Here's the controller code. Give it the database row id of a search, and it will retrieve the search profile (search name, search url, etc.), load the correct library file, execute the scrape() function in that library, and then download the file.
PHP Code:
// controller Searches.php
public function execute($search_id)
{
$search = $this->searches_model->get_search($search_id);
if ($this->input->server('REQUEST_METHOD') == 'POST')
{
$this->load->library($search['site_class']);
$output = $this->$search['site_class']->scrape($search);
force_download($search['name'] . '.csv', $output);
}
Then there is.
PHP Code:
// application/libraries/Site.php
abstract class Site {
static private $curl_options = array(
//bunch of CURLOPT options
);
abstract protected function scrape ($search);
public function get_page($url)
{
}
public function clean_field ($field)
{
}
}
And
PHP Code:
// application/libraries/Site_craigslist.php
include ('Site.php');
class Site_craigslist extends Site {
const SITE = 'http://sfbay.craigslist.com';
const SITE_CODE = 'CL';
public function scrape($search)
{
}
}
In the controller code, $search['site_class'] contains the string 'site_craigslist,' so Site_craigslist.php is loaded, and it loads Site.php, the parent class.

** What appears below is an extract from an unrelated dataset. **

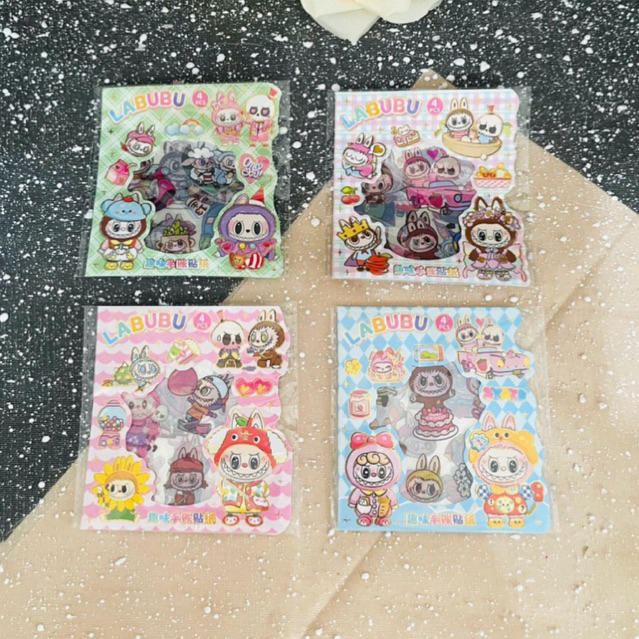 

Set 4 in 1 Sticker Labubu / Sticker Capy Bara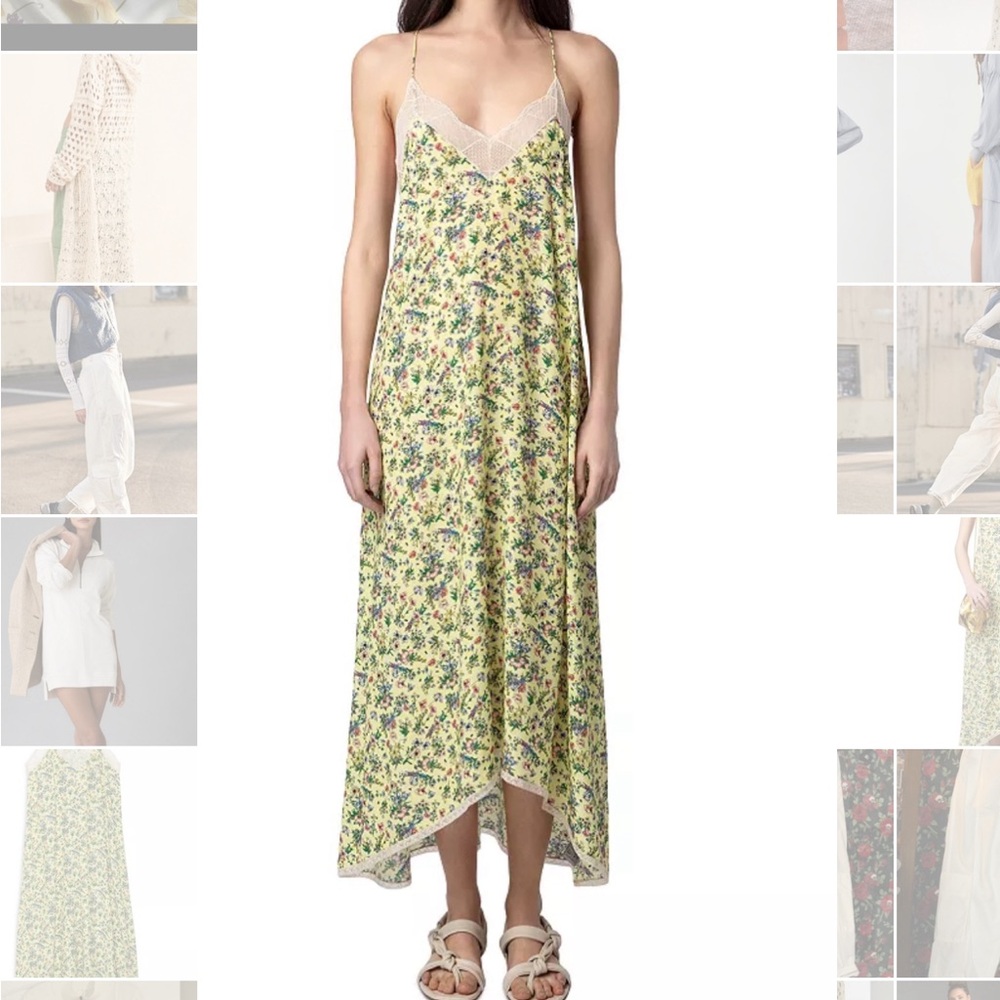 Zadig & Voltaire Risty Lace Trim Floral Slip Dress Size XS NEW NWT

It works, but I'm not instantiating anything, and I have to use self:: to access the parent class methods. I've read you generally shouldn't use classes statically, so I suspect the above is not best practice. Any input or suggestions for a better structure and approach?
Hey, don't work without a PHP debugger. Several free IDEs have this features built in. Two are NetBeans and CodeLobster. Without a debugger, it's like you're driving with a blindfold on -- you are going to crash!